▶ **Required action**: Each entry must be output once more without any change.

▶ **Supplied entries**:
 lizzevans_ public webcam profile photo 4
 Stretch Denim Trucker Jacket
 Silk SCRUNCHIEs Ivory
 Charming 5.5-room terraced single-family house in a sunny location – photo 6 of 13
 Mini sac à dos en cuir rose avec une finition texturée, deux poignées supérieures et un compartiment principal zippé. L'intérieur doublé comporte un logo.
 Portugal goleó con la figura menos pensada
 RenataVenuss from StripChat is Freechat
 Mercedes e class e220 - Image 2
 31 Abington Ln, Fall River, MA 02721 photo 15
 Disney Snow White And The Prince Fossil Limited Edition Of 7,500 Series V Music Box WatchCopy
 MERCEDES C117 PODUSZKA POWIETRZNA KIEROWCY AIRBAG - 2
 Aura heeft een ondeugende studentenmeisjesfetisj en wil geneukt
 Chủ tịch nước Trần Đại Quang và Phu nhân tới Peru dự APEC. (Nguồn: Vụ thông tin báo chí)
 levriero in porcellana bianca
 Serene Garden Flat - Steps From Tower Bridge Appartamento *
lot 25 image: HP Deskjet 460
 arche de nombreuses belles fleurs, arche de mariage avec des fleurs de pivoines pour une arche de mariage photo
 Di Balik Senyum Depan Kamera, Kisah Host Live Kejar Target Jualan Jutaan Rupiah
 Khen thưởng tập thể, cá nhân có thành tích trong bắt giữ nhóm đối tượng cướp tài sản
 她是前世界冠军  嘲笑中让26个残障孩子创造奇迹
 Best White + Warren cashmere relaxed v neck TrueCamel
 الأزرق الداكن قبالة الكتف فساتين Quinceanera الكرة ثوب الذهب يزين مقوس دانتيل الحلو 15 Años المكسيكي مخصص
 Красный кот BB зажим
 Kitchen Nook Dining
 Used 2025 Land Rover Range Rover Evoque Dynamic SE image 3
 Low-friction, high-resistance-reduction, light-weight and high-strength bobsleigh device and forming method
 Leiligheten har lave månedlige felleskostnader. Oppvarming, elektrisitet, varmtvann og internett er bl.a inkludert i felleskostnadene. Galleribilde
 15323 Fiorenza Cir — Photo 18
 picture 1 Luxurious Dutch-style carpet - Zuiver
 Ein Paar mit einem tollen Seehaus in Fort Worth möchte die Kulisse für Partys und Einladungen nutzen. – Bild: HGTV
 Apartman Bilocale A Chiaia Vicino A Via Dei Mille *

▶ **Final answer**:
 lizzevans_ public webcam profile photo 4
 Stretch Denim Trucker Jacket
 Silk SCRUNCHIEs Ivory
 Charming 5.5-room terraced single-family house in a sunny location – photo 6 of 13
 Mini sac à dos en cuir rose avec une finition texturée, deux poignées supérieures et un compartiment principal zippé. L'intérieur doublé comporte un logo.
 Portugal goleó con la figura menos pensada
 RenataVenuss from StripChat is Freechat
 Mercedes e class e220 - Image 2
 31 Abington Ln, Fall River, MA 02721 photo 15
 Disney Snow White And The Prince Fossil Limited Edition Of 7,500 Series V Music Box WatchCopy
 MERCEDES C117 PODUSZKA POWIETRZNA KIEROWCY AIRBAG - 2
 Aura heeft een ondeugende studentenmeisjesfetisj en wil geneukt
 Chủ tịch nước Trần Đại Quang và Phu nhân tới Peru dự APEC. (Nguồn: Vụ thông tin báo chí)
 levriero in porcellana bianca
 Serene Garden Flat - Steps From Tower Bridge Appartamento *
lot 25 image: HP Deskjet 460
 arche de nombreuses belles fleurs, arche de mariage avec des fleurs de pivoines pour une arche de mariage photo
 Di Balik Senyum Depan Kamera, Kisah Host Live Kejar Target Jualan Jutaan Rupiah
 Khen thưởng tập thể, cá nhân có thành tích trong bắt giữ nhóm đối tượng cướp tài sản
 她是前世界冠军  嘲笑中让26个残障孩子创造奇迹
 Best White + Warren cashmere relaxed v neck TrueCamel
 الأزرق الداكن قبالة الكتف فساتين Quinceanera الكرة ثوب الذهب يزين مقوس دانتيل الحلو 15 Años المكسيكي مخصص
 Красный кот BB зажим
 Kitchen Nook Dining
 Used 2025 Land Rover Range Rover Evoque Dynamic SE image 3
 Low-friction, high-resistance-reduction, light-weight and high-strength bobsleigh device and forming method
 Leiligheten har lave månedlige felleskostnader. Oppvarming, elektrisitet, varmtvann og internett er bl.a inkludert i felleskostnadene. Galleribilde
 15323 Fiorenza Cir — Photo 18
 picture 1 Luxurious Dutch-style carpet - Zuiver
 Ein Paar mit einem tollen Seehaus in Fort Worth möchte die Kulisse für Partys und Einladungen nutzen. – Bild: HGTV
 Apartman Bilocale A Chiaia Vicino A Via Dei Mille *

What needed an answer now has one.